Law 31 · Safety & Security
The Lethal Trifecta
Private data, untrusted content, and an exfiltration path — pick at most two.

The principle
An agent becomes exploitable the moment it combines three capabilities: access to private data, exposure to untrusted content, and the ability to communicate externally. Any single poisoned input in that pipeline can steer it into stealing your data — no code vulnerability required. Guardrails won't save you, because the model cannot reliably tell where an instruction came from.
Why it happens
The vulnerability is structural, not a bug in any one component: the moment an agent can read private data, ingest content an attacker controls, and emit data to the outside world, a single poisoned input can chain those capabilities into exfiltration with no memory-corruption or code exploit involved. The model has no reliable way to distinguish a legitimate instruction from one smuggled inside retrieved content, so ignore malicious instructions style guardrails fail probabilistically and an attacker only needs to win once. Real instances follow the pattern exactly: a hidden instruction in a web page, email, or document tells the agent to read a secret and embed it in an outbound request, often disguised as a URL or image fetch. The defense is combinatorial, not detective: deny any one of the three legs and the chain cannot close, which is why removing a tool or isolating the data beats trying to filter the payload.
Watch for
- One agent context has access to secrets or private records AND processes text from emails, web pages, or user uploads.

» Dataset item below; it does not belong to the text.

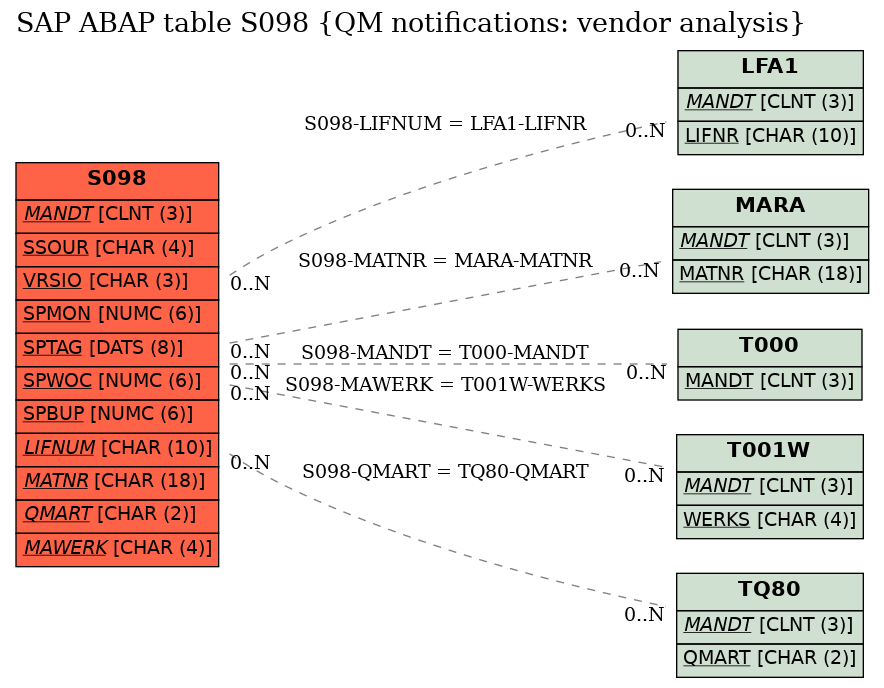 E-R Diagram for table S098 (QM notifications: vendor analysis)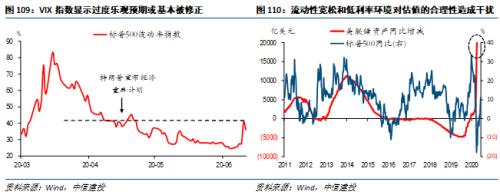 【中信建投 宏观】处变不惊——2020年中期投资策略报告宏观经济篇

- The same agent that reads untrusted input can also send email, make outbound HTTP calls, or write to a shared external store.
- Your only defense against malicious instructions is a system-prompt line telling the model to ignore them.
In practice
Your support agent reads from a customer's private ticket history, ingests the body of an inbound email, and can call a send_email tool to reply. That is all three legs: private data, untrusted content, and an exfiltration path. A customer pastes a request to forward another user's account details to an outside address into their email signature and the agent obliges, because it cannot tell that instruction apart from a real one. The fix is not a cleverer system prompt: drop one leg. Make the reply tool draft-only behind human review, or strip the agent's access to other customers' data when it is processing inbound mail.
Apply it
- For each workflow, enumerate all three capabilities (private data, untrusted input, outbound channel) and confirm whether one agent holds all three at once.
- If all three are present, break the chain: drop one tool, split the data access from the untrusted-input path, or route the outbound action through human review.
- Make any externally-communicating action draft-only or allowlisted to known-safe destinations rather than free-form.
The takeaway
Audit every agent for all three capabilities at once. If a workflow has all three, break the chain — remove a tool, isolate the data, or insert a human gate.